In the 1990–91 season, Adams became a household name. The 28-year-old is known for his iconic and unconventional push shots, averaging a career-high 26.5 points per game. At the time, only Michael Jordan, Carl Malone, Bernard King, Charles Barkley and Patrick Ewing averaged higher points per game. That means the third-round rookie has scored more points than future Hall of Famers like Dominique Wilkins, Chris Mullin and David Robinson.
Adams' best performance was now in the March 23, 1991 game against the Milwaukee Bucks. In overtime, the guard scored 54 points on 7-of-16 three-point range. He tied with Alex Inglish for second-place single-game scoring in Nuggets history, behind David Thompson's 73 points.
After the best season of his career, Adams is no longer what he was. The three-pointer was traded back to the Bullets in 1991 in exchange for an eighth pick in the draft. Although he was named to the All-Star team in Washington that season, his 18.5 points dropped sharply from the previous year. His overall score is also declining year by year.
By the time Adams left the NBA, he was already one of the players with the most three-point shooting percentages and shots in history. In addition, he holds the record of shooting at least one three-pointer in 79 consecutive games. That record is now held by Curry, who shot three-pointers in 157 consecutive games from 2014 to 2016.
I hope you remember that long before Stephen Curry entered the league, michael Adams at the top of the league brought up the NBA's three-point wave — before he came to Denver, the league had only shot a total of 8,913 three-pointers. In 1990–91, his final season with the Mo and Nuggets, that number rose to 15,812. In the 1995-96 season, his final year, the NBA made more than 38,000 three-point shots.

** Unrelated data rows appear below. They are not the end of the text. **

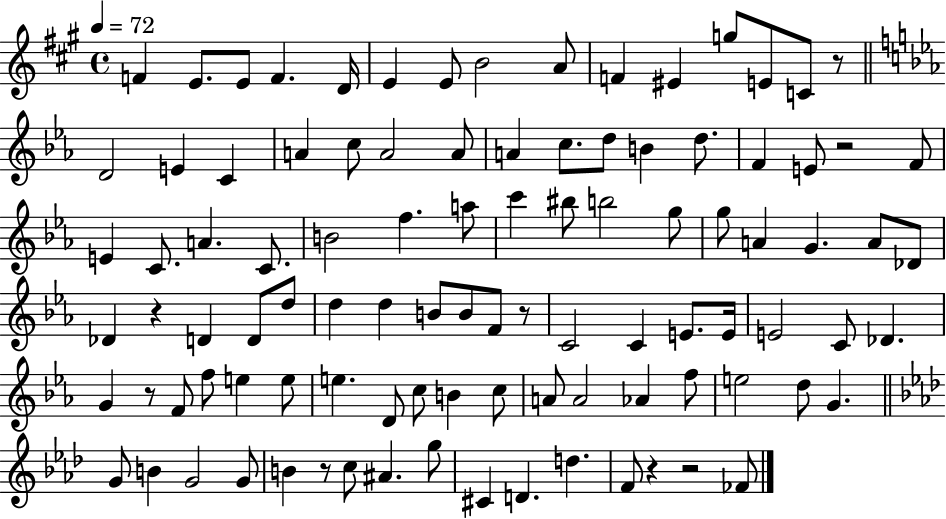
{
  \clef treble
  \time 4/4
  \defaultTimeSignature
  \key a \major
  \tempo 4 = 72
  f'4 e'8. e'8 f'4. d'16 | e'4 e'8 b'2 a'8 | f'4 eis'4 g''8 e'8 c'8 r8 | \bar "||" \break \key c \minor d'2 e'4 c'4 | a'4 c''8 a'2 a'8 | a'4 c''8. d''8 b'4 d''8. | f'4 e'8 r2 f'8 | \break e'4 c'8. a'4. c'8. | b'2 f''4. a''8 | c'''4 bis''8 b''2 g''8 | g''8 a'4 g'4. a'8 des'8 | \break des'4 r4 d'4 d'8 d''8 | d''4 d''4 b'8 b'8 f'8 r8 | c'2 c'4 e'8. e'16 | e'2 c'8 des'4. | \break g'4 r8 f'8 f''8 e''4 e''8 | e''4. d'8 c''8 b'4 c''8 | a'8 a'2 aes'4 f''8 | e''2 d''8 g'4. | \break \bar "||" \break \key aes \major g'8 b'4 g'2 g'8 | b'4 r8 c''8 ais'4. g''8 | cis'4 d'4. d''4. | f'8 r4 r2 fes'8 | \break \bar "|."
}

Nowadays, when it comes to three-pointers, people only remember Reggie Miller, Ray Allen, Stephen Curry. Adams is largely forgotten in NBA history, but things shouldn't be the way they are. The guy who shot weirdly was shooting three-pointers before it became popular, and he shot very, very much, he was the real forerunner of the times.
If Adams' peak form continues a bit longer, he's likely to be considered one of the most iconic long-range shooters in the NBA.